◆ **To do**: When a line in the entries below contains the word "Boys", copy that line.

◆ **Provided records**:
■ ■ ■ ■ ■ ■ ■

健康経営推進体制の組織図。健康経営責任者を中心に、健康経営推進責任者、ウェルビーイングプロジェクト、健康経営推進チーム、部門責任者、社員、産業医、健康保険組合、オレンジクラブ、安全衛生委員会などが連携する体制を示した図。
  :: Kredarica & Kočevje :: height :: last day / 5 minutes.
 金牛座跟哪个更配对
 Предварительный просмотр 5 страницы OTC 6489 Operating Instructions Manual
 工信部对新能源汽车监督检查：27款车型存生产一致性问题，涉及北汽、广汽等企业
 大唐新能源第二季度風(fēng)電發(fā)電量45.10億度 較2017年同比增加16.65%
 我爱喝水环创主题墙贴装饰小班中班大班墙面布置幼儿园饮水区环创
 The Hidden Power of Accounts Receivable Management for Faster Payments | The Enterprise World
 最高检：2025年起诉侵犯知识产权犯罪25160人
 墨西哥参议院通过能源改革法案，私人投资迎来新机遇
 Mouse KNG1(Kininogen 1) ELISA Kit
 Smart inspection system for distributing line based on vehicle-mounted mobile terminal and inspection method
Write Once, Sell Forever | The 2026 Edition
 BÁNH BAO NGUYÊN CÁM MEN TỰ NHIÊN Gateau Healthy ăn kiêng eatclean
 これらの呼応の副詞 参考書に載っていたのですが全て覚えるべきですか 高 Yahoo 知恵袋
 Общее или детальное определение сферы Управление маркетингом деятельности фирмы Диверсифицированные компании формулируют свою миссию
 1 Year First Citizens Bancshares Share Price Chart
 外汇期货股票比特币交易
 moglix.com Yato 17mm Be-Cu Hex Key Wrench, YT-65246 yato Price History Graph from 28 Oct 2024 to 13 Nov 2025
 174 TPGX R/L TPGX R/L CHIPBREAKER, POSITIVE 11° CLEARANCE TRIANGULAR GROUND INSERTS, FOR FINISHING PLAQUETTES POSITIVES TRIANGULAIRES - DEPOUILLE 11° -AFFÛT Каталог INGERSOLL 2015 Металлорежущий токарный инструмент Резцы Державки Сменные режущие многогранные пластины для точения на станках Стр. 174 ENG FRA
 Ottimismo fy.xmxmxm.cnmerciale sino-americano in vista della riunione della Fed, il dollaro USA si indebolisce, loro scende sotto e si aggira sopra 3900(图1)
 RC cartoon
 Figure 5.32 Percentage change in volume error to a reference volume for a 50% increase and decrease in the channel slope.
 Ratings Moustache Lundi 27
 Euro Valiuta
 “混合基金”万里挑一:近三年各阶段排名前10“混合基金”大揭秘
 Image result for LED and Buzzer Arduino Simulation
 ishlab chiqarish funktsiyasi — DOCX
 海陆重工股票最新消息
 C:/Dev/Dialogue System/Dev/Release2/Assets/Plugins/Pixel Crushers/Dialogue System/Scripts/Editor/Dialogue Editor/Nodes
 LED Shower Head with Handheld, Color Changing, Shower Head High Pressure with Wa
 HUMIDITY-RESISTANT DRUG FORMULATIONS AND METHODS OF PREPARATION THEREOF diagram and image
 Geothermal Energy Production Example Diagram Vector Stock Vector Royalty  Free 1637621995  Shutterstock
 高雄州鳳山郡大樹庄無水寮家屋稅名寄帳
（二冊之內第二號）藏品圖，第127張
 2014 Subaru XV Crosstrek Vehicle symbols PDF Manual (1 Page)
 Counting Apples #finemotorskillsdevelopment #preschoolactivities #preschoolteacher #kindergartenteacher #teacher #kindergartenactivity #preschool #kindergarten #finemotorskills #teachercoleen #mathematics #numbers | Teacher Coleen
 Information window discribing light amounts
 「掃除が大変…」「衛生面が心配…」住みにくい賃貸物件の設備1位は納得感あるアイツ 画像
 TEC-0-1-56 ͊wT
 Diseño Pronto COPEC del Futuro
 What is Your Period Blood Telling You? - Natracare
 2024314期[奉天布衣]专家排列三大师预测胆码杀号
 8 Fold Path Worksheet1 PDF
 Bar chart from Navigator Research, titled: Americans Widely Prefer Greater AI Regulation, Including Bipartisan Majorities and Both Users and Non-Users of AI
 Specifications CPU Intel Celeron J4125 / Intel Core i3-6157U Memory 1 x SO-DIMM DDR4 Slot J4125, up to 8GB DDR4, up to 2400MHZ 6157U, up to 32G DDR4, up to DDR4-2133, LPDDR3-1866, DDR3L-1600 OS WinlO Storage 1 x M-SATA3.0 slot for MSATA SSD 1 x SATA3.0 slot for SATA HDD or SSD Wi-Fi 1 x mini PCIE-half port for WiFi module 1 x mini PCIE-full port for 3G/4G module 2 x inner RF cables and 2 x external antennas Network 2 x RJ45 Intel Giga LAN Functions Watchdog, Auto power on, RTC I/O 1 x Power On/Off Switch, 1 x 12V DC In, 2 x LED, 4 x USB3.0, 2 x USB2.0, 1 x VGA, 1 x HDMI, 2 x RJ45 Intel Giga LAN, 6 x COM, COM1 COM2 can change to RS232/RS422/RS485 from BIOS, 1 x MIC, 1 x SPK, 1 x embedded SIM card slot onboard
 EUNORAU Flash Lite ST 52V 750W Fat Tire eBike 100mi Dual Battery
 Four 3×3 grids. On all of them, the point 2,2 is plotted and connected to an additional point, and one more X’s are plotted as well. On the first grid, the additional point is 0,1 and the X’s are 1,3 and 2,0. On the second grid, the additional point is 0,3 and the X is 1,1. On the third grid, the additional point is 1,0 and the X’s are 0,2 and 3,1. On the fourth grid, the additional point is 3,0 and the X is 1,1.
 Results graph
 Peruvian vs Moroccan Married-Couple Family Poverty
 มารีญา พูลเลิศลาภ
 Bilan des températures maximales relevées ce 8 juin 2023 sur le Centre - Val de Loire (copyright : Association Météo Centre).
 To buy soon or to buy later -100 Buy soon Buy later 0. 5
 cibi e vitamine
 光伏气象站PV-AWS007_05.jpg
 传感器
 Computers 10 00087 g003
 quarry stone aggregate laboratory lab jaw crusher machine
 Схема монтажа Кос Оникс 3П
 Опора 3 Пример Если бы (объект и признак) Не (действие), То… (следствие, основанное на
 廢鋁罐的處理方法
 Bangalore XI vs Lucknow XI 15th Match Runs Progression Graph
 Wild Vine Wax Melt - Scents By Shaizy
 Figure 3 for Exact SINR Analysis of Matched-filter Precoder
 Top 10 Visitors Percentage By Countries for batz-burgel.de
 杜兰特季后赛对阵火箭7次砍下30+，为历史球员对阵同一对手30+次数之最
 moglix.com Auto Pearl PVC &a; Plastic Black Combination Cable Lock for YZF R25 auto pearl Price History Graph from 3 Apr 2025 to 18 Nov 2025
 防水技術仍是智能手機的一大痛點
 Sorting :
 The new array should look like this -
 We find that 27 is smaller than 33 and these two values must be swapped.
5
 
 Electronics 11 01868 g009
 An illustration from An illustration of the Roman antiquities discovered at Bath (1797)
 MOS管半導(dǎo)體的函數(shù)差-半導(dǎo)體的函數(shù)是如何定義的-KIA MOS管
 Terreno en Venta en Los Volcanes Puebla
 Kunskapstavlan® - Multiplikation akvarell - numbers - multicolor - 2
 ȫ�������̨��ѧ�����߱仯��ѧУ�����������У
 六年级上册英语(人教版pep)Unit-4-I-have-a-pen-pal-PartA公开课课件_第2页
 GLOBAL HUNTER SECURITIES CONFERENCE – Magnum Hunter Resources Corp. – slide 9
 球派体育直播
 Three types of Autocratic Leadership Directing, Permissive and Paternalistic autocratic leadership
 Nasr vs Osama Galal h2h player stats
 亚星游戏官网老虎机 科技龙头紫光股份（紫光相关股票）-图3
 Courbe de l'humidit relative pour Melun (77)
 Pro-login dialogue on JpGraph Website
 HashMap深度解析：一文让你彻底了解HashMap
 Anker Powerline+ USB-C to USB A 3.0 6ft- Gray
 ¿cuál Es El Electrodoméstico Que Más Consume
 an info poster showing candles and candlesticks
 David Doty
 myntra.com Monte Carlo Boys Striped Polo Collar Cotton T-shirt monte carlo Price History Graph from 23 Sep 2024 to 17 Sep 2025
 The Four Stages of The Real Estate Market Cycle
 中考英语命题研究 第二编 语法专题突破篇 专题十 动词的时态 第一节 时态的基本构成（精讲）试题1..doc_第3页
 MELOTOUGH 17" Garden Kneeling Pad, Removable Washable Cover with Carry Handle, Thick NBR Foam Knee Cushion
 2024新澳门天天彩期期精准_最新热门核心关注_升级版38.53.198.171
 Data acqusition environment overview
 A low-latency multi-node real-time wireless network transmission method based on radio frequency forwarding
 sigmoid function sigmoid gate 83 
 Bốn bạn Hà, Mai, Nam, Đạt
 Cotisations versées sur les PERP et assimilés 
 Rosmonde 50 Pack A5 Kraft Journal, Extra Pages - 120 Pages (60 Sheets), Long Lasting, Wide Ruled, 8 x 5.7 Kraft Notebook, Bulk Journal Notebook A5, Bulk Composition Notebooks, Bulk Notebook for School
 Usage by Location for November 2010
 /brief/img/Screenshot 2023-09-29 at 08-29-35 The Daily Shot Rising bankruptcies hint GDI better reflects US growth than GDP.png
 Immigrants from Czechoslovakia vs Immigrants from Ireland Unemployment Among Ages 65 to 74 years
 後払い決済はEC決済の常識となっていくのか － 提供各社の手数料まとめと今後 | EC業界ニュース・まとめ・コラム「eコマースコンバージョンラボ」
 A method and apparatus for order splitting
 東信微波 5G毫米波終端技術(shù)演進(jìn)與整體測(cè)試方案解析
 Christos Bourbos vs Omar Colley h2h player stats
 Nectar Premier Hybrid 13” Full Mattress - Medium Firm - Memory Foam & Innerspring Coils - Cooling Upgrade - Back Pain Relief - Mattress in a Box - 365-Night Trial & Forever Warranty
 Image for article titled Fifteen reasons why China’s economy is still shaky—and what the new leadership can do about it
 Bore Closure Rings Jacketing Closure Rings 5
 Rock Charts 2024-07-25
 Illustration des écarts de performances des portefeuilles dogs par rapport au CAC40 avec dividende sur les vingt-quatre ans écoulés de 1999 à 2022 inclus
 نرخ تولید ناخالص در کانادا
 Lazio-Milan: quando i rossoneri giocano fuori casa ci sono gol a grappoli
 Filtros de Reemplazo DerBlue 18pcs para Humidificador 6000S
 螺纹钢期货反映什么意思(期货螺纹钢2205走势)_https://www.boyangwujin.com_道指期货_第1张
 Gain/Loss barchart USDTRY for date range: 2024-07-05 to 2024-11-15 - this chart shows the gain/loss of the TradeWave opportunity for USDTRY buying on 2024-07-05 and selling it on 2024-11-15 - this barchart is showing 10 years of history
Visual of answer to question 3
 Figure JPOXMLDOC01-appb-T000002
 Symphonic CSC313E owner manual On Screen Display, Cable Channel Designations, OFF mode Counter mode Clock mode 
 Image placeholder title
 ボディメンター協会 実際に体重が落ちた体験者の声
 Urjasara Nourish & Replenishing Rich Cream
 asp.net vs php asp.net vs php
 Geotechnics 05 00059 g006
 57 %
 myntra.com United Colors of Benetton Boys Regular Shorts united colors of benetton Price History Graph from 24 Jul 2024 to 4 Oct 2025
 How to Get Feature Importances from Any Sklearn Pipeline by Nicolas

■ ■ ■ ■ ■ ■ ■

◆ **Finished exercise**:
 myntra.com Monte Carlo Boys Striped Polo Collar Cotton T-shirt monte carlo Price History Graph from 23 Sep 2024 to 17 Sep 2025
 myntra.com United Colors of Benetton Boys Regular Shorts united colors of benetton Price History Graph from 24 Jul 2024 to 4 Oct 2025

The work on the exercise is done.